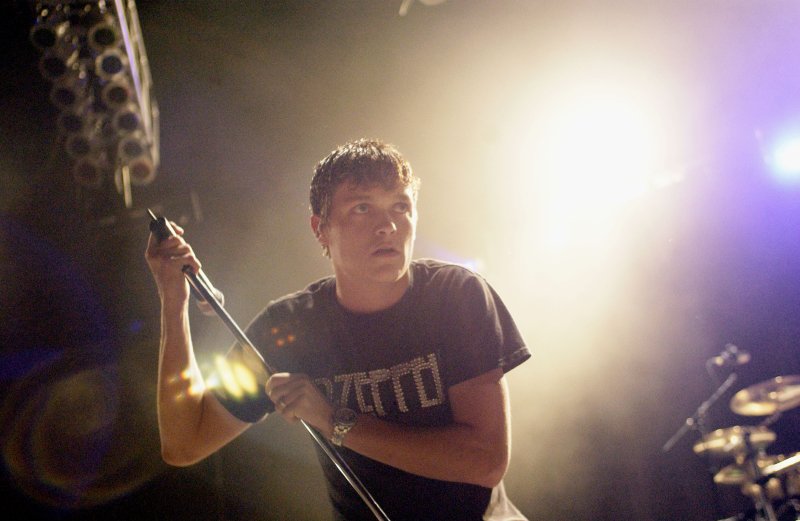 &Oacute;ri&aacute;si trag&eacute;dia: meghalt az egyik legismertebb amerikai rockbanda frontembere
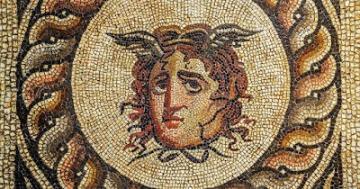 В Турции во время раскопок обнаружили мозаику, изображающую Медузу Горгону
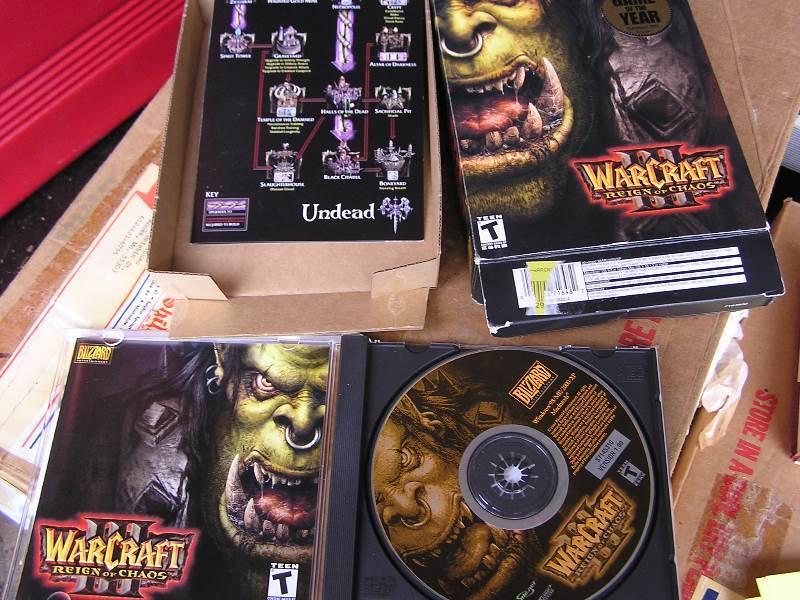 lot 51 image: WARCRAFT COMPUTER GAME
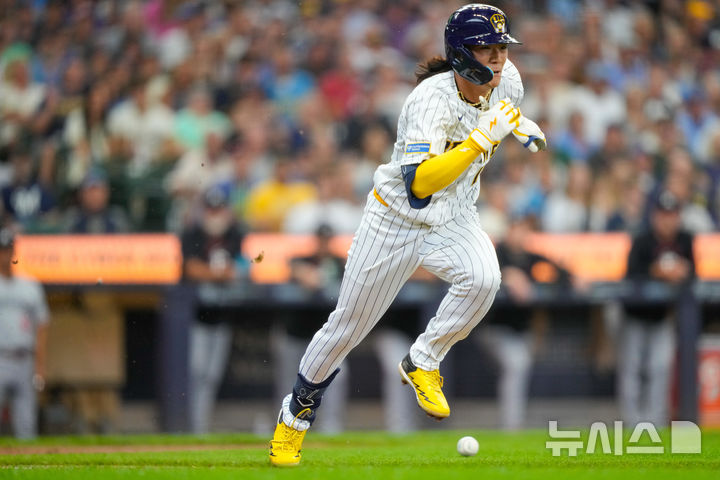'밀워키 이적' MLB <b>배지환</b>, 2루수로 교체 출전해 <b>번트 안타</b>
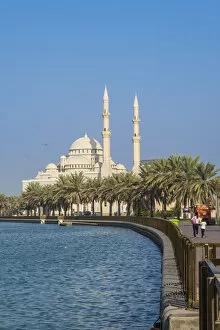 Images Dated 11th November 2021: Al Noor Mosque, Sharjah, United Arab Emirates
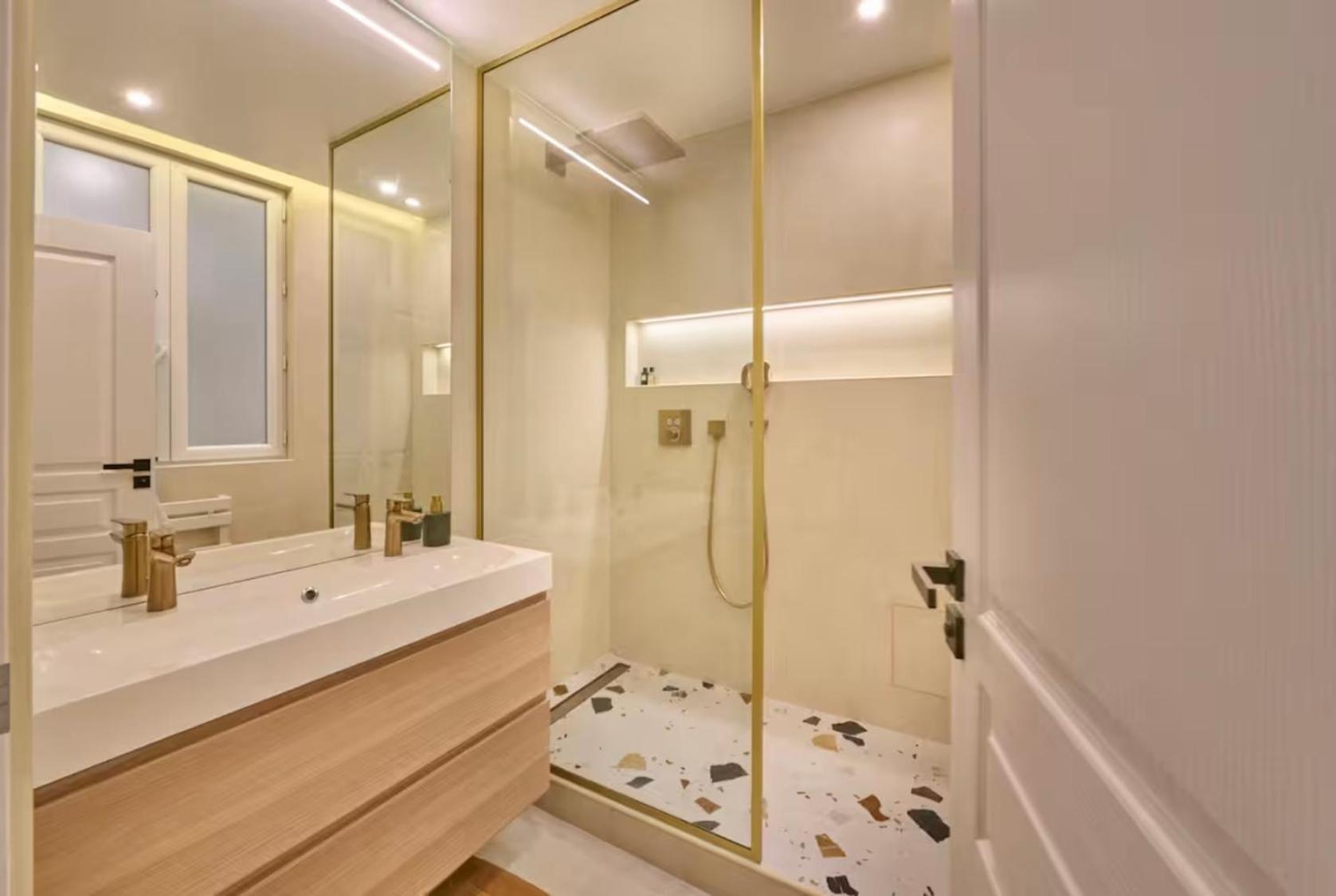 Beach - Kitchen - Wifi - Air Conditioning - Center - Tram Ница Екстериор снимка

..........

Word for word, output the lines from the line bearing "lot 51 image: WARCRAFT COMPUTER GAME" through the end of the records above, and only those, without the pictures.

 lot 51 image: WARCRAFT COMPUTER GAME
'밀워키 이적' MLB <b>배지환</b>, 2루수로 교체 출전해 <b>번트 안타</b>
 Images Dated 11th November 2021: Al Noor Mosque, Sharjah, United Arab Emirates
 Beach - Kitchen - Wifi - Air Conditioning - Center - Tram Ница Екстериор снимка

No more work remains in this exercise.